Le sujet de l’information voyageurs cristallise bien des frustrations. Chacun se souvient de celle des vacanciers pris dans la pagaille provoquée par la panne d’un poste de signalisation à la Gare Montparnasse, qui avait entraîné une paralysie du trafic en plein week-end de chassé-croisé estival en 2017. En écho aux nombreuses réclamations et récriminations des voyageurs, le rapport de la SNCF sur l’incident a confirmé que la préoccupation majeure de la compagnie ferroviaire avait été d’ajuster en permanence les plans de transport pour acheminer le plus grand nombre de passagers, au détriment de la cohérence des informations qui leur avaient été communiquées.

Cette situation illustre bien le poids de l’information voyageur (IV) dans la qualité de service, particulièrement scrutée puisqu’elle conditionne le ressenti qu’a le client du service de transport qui lui est offert. De fait, l’IV fait partie des aspects classiquement suivis dans les contrats d’exploitation de transport public[1].
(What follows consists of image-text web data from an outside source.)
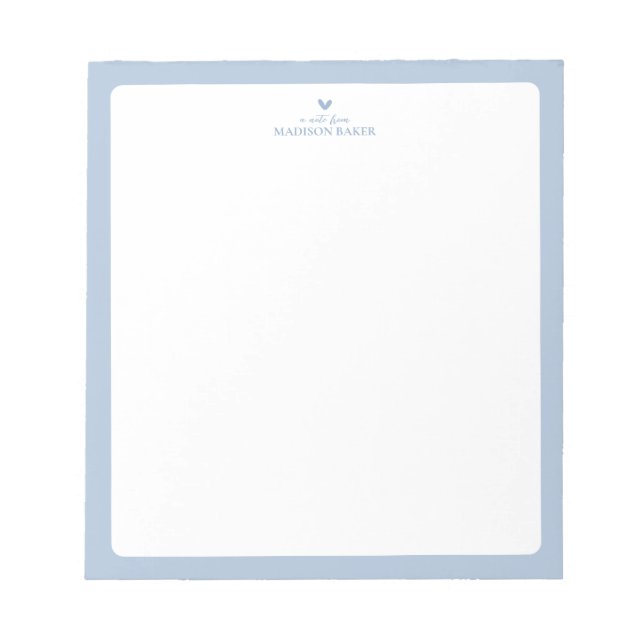 Azul Empoeirado | Bloco de Notas Personalizado Cor (Frente)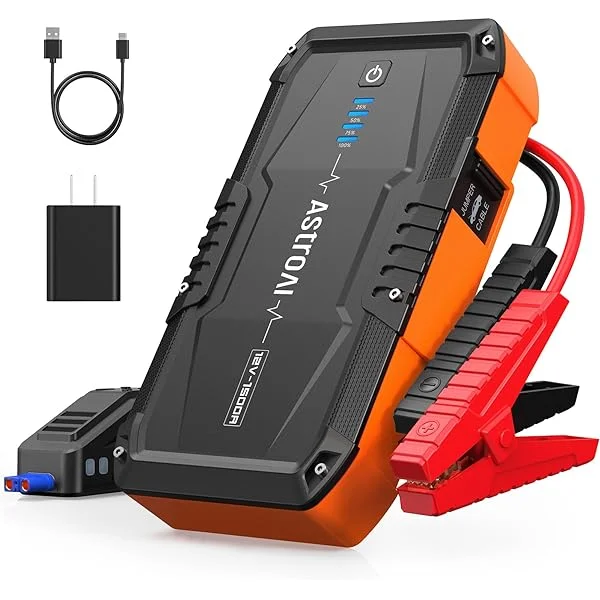 S8 Car Jump Starter, 1500A Car Battery Jump Starter with Wall Charger for Up to 6.0L Gas & 3.0L Diesel Engines, 12V Portable Jump Box with 3 Modes Flashlight and Jumper Cable(Orange)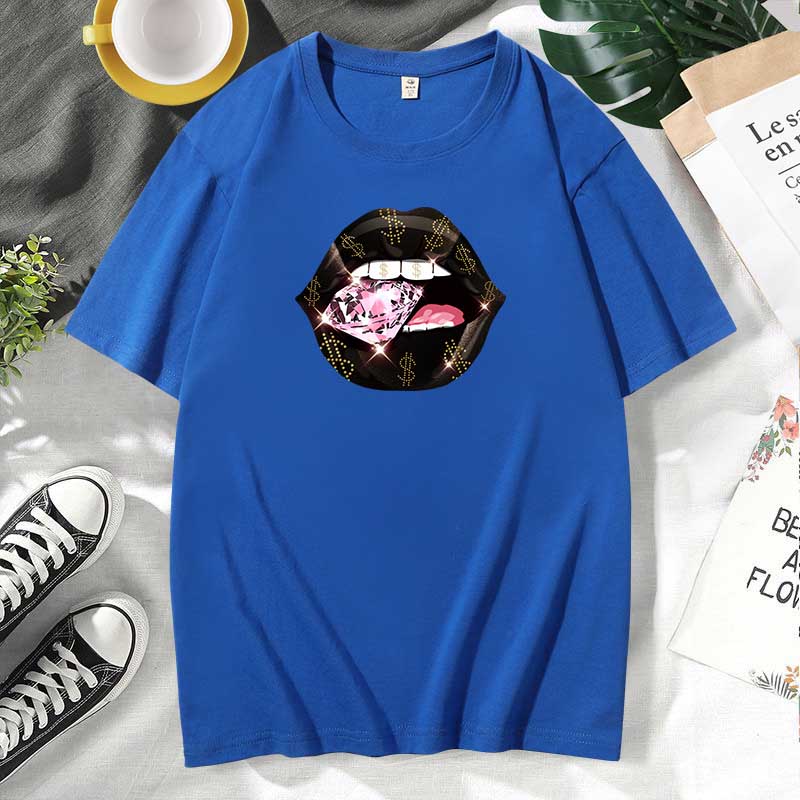Camiseta informal de algodón con estampado de labios para mujer, talla grande, manga corta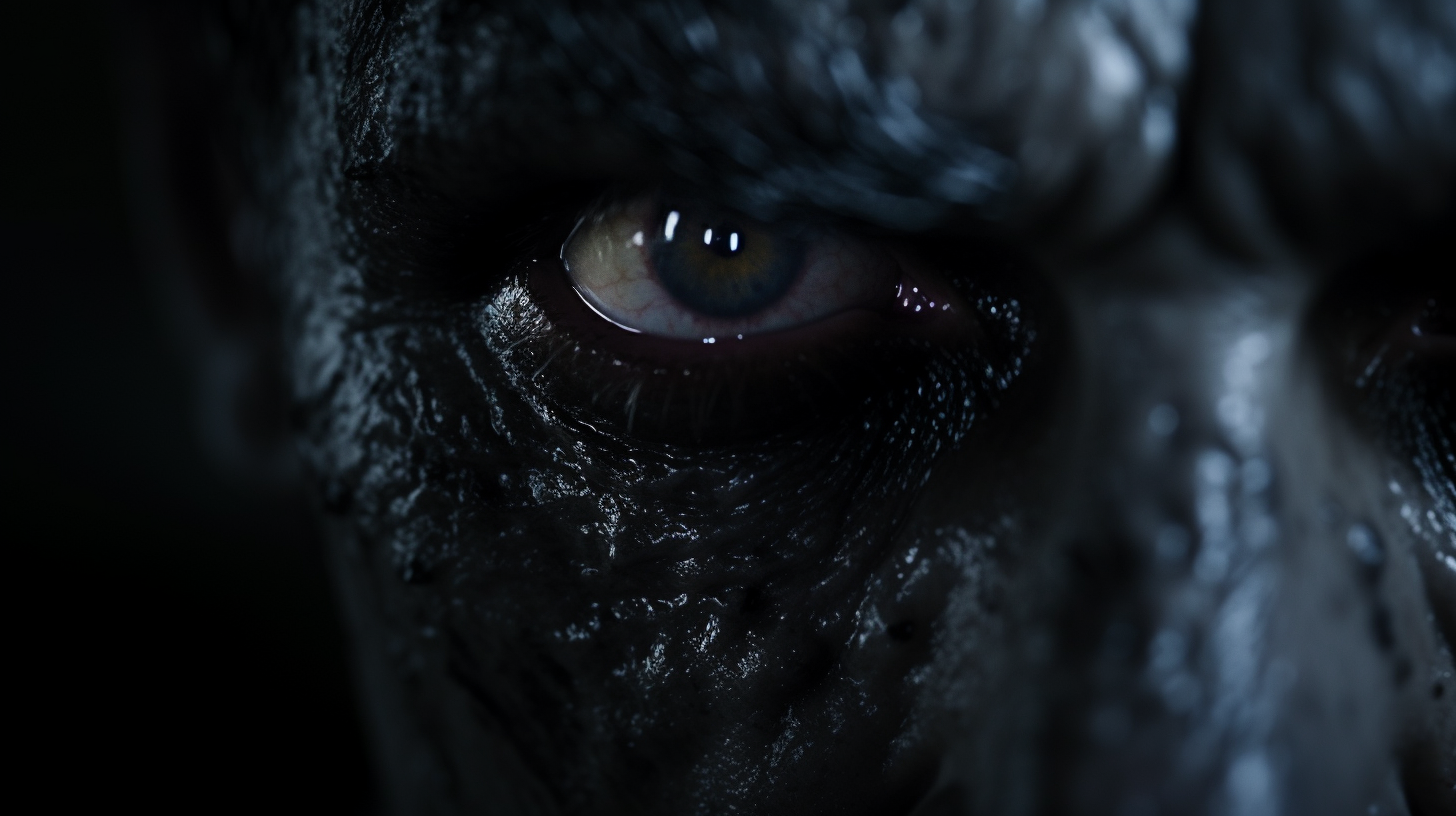 Close-up of black shadow monster's face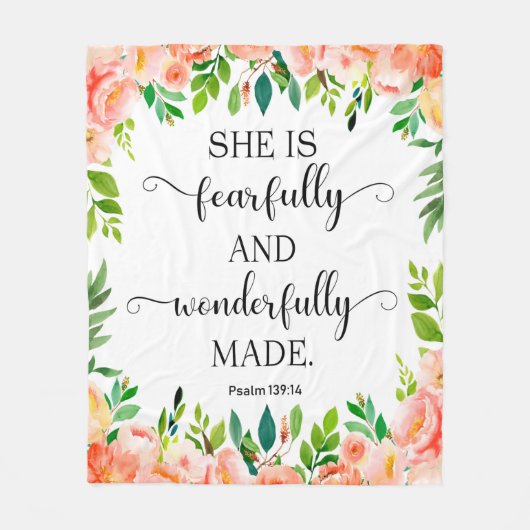 Bijbelvers Perzik Bloemen Fleece Deken (Voorkant)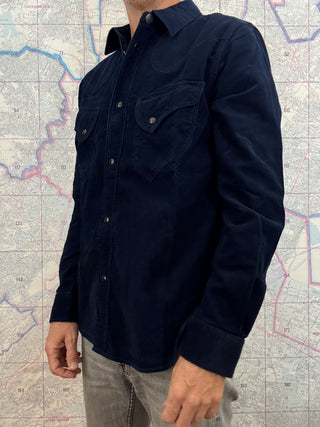 Camisa Western Indigo Corduroy Pure Blue Japan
L’information, un élément crucial de l’expérience client

Du point de vue du client, la mise à disposition rapide d’une information pertinente et cohérente est un besoin particulièrement criant, surtout en cas de situation perturbée. La question du vecteur (digital, diffusion sonore, écrans, agents sur le terrain) se pose autant que celle du contenu, avec bien évidemment des technologies en développement qui ouvrent de vastes perspectives, notamment pour la personnalisation. En s’appuyant sur le big data pour modéliser et prévoir les flux, il s’agit de concevoir des applications mobiles intelligentes capables de fournir de l’information prédictive et adaptée aux usages des clients.

Ce type d’enjeux se situe au centre de la compétition pour l’exploitation des données et la captation de valeur entre opérateurs historiques, autorités organisatrices et autres plateformes numériques. Il convient cependant de revenir un peu en arrière sur le chemin de l’innovation et de s’interroger sur la profondeur de cette vision client appliquée à l’IV.

En fait, elle apparaît nécessairement incomplète puisqu’elle occulte le cœur de métier d’exploitation, c’est-à-dire les dispositions prises pour adapter le plan de transport en cas d’incident.

 

Une lecture nécessairement transversale de l’information voyageur

L’exemple de la SNCF montre comment les enjeux liés à l’IV relèvent en fait d’un sujet par essence transversal car nécessitant de tisser un lien étroit entre le terrain (la cause d’un incident ou d’une perturbation), les centres de décision pour ajuster les plans de transport et, in fine, les agents dédiés à la communication à destination des voyageurs.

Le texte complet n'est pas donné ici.